Что касается вопроса, как события произведения и атмосфера влияют на характер персонажа, я соглашусь с тобой в том, что всё зависит от конкретного героя. Всё должно быть правдоподобно. Вряд ли герой, который по сюжету трус, проявит чудеса героизма в экстремальной ситуации. Так же и наоборот. Крутой тренированный спецназовец не должен вести себя как перепуганная школьница при нападении зомби. Мне не нравится, когда в современных произведениях разумные по сути персонажи превращаются в неуверенных подростков, а, к примеру, космонавты в любой внештатной ситуации начинают ссориться, выяснять отношения, истерить и нарушать протоколы и инструкции. Так быть не может!

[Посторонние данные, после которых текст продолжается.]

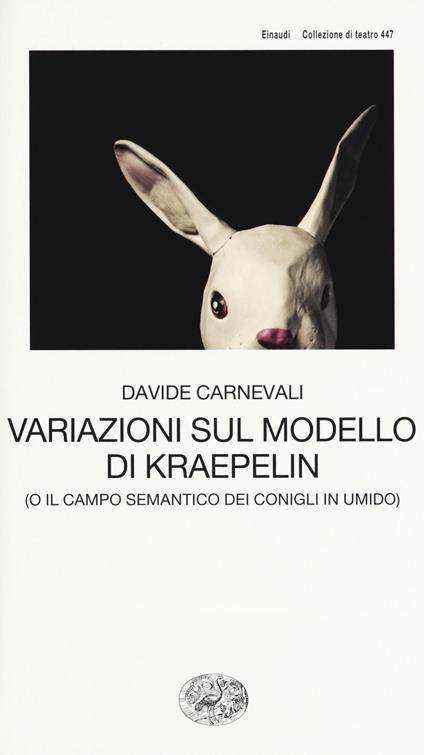 Variazioni sul modello di Kraepelin (o il campo semantico dei conigli in umido) - Davide Carnevali - copertina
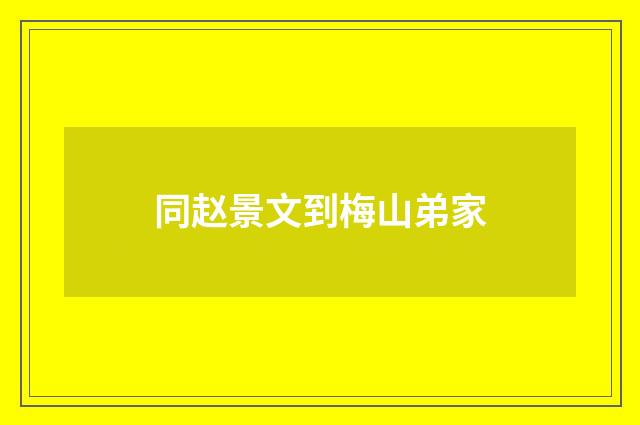 同赵景文到梅山弟家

Но, опять же, тут я привёл общие случаи, очень многое зависит от конкретного произведения и мастерства автора. Допустим, почти классический пример в литературе ужасов: под действием каких-либо потусторонних сил герой сходит с ума. Это может быть завязавший алкоголик («Сияние» Кинга), прагматичный журналист и кинокритик («Усмешка тьмы» Кэмпбелла), богатый старик («Инициация» Бэррона). Каждый из авторов подошёл к персонажам по-своему, и каждому веришь. Существует масса обратных примеров, когда характер героя не меняется под действием ужасных обстоятельств. Так что не могу дать однозначного ответа, что мне интереснее. Развитие самой атмосферы ужаса или изменение характера героев под её действием. Есть отличные примеры и того, и другого.

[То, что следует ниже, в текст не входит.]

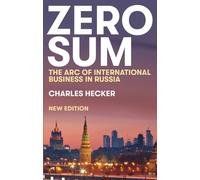 Zero Sum : The Arc of International Business in Russia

Знаешь, первым из твоих произведений, которое я прочитал, был рассказ «В иллюминаторе». И тогда я подумал что-то вроде: «Охренеть! Наверное, писать его было очень сложно». Там столько тонкостей, технических деталей и нюансов, будто ты действительно читаешь рассказ настоящего космонавта. Как ты работаешь с матчастью? Насколько вообще важно погружение в техническую сторону того, о чём пишешь? Нельзя ли обойтись общими фразами и терминами и не боишься ли ты прослыть занудой и «заклёпочником»?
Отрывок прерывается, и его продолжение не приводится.